PROBLEM DESCRIPTION:
The expected output is every line of the data exactly as shown, minus the images.

### EXERCISE MATERIALS

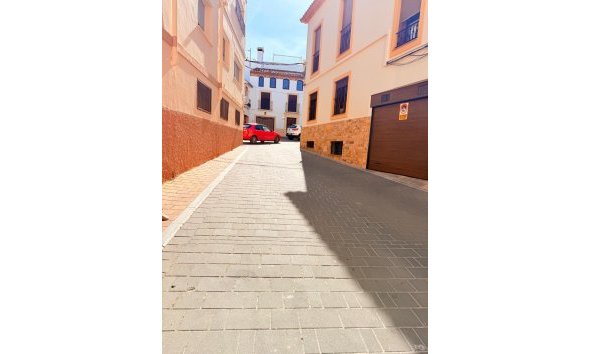 Reventa - Casa de pueblo -
La Nucía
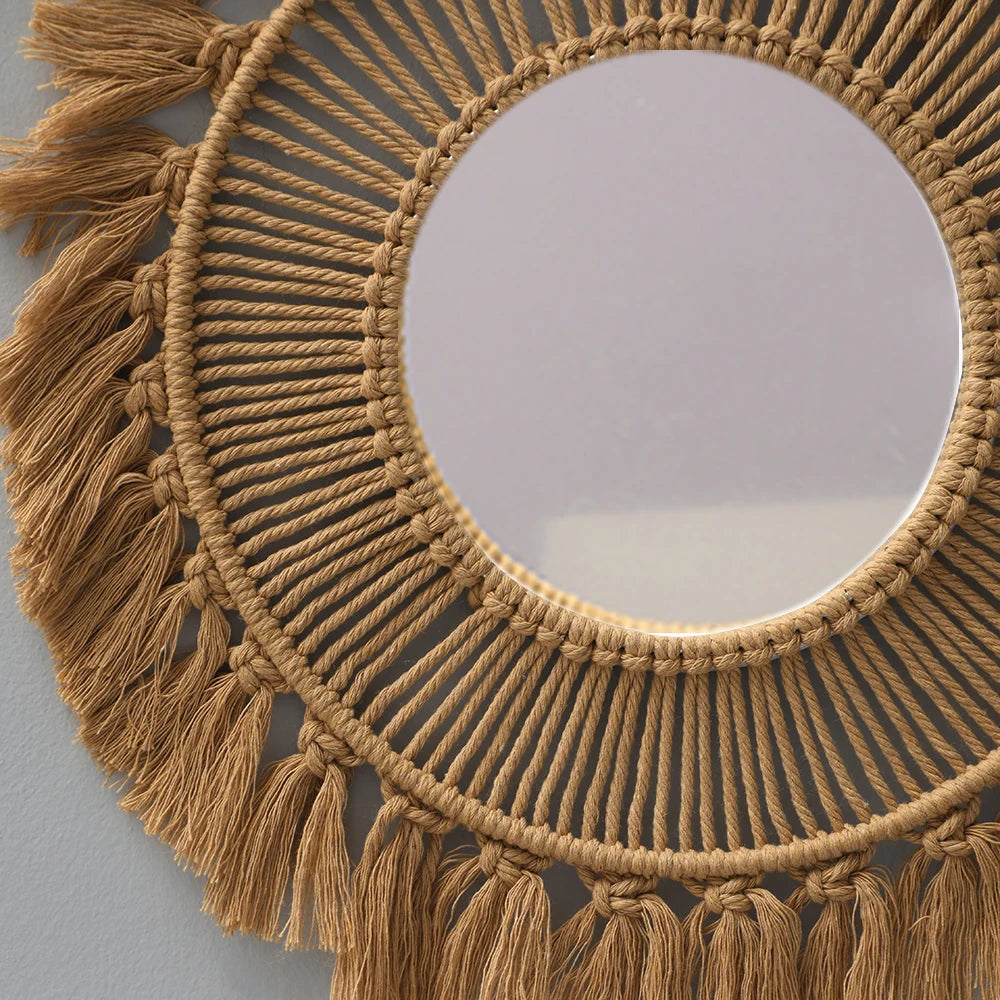 Miroir mural rond en corde tressée coloris jute doré, gros plan sur le tressage rayonnant et les franges - Nesty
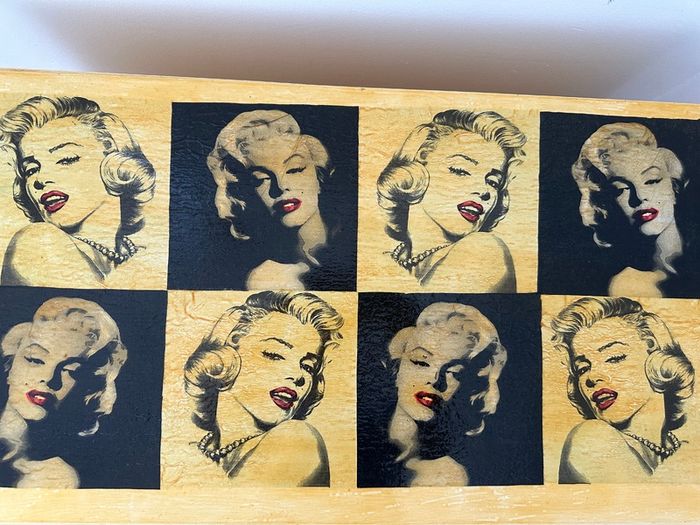 Marilyn Monroe - Vintage storage chest
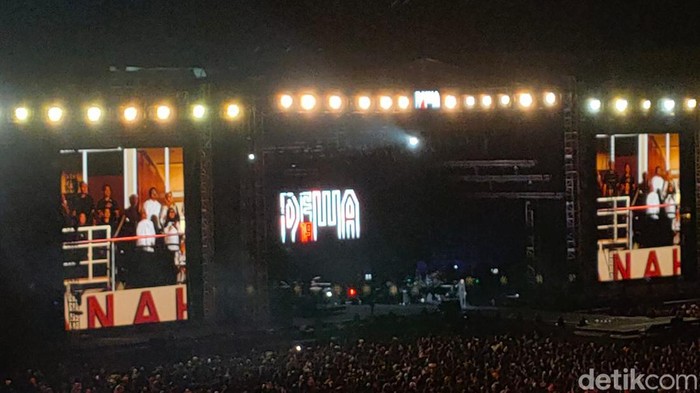 Ibu Negara Iriana Joko Widodo hadir menonton konser Dewa 19 di Stadion Manahan, Solo, Sabtu (29/7/2023).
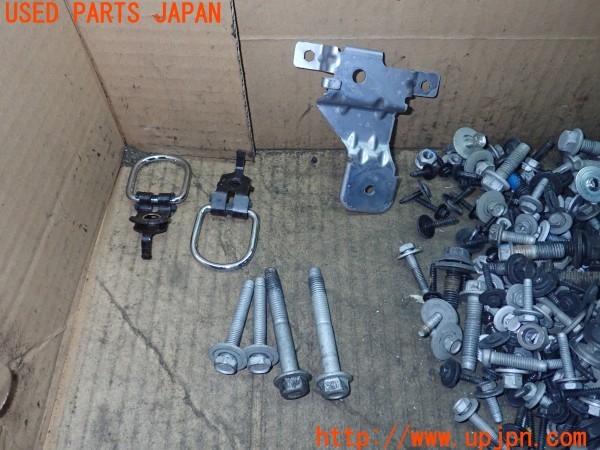 3UPJ=31130720]キャデラック ATS(A1SL)ネジ・ナット・ステー類 セット ジャンク_m1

######

SOLUTION TO THIS EXERCISE:
 Reventa - Casa de pueblo -
La Nucía
 Miroir mural rond en corde tressée coloris jute doré, gros plan sur le tressage rayonnant et les franges - Nesty
 Marilyn Monroe - Vintage storage chest
 Ibu Negara Iriana Joko Widodo hadir menonton konser Dewa 19 di Stadion Manahan, Solo, Sabtu (29/7/2023).
 3UPJ=31130720]キャデラック ATS(A1SL)ネジ・ナット・ステー類 セット ジャンク_m1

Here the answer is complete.